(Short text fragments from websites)

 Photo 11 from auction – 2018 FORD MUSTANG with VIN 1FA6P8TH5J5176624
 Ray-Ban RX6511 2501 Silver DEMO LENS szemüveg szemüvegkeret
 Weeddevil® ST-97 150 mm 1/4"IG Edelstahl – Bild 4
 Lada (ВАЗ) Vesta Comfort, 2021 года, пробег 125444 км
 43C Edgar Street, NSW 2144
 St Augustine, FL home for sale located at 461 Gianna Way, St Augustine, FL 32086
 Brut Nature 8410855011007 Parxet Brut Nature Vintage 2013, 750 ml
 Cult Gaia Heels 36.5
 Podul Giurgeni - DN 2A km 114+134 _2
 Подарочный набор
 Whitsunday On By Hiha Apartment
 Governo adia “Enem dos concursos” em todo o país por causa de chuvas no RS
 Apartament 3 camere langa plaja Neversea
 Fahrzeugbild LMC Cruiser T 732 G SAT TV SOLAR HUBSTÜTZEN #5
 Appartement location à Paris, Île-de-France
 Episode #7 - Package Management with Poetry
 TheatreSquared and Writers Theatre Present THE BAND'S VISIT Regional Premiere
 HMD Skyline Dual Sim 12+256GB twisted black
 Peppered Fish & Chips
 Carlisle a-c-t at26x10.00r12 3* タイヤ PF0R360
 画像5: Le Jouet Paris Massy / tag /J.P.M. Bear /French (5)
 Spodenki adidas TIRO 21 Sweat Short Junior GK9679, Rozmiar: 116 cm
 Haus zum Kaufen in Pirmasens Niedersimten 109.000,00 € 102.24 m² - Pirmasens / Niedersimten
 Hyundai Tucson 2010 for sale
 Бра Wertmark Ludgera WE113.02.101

WORK TASK: Report all lines above with "sale".

EXERCISE RESULT:
 St Augustine, FL home for sale located at 461 Gianna Way, St Augustine, FL 32086
 Hyundai Tucson 2010 for sale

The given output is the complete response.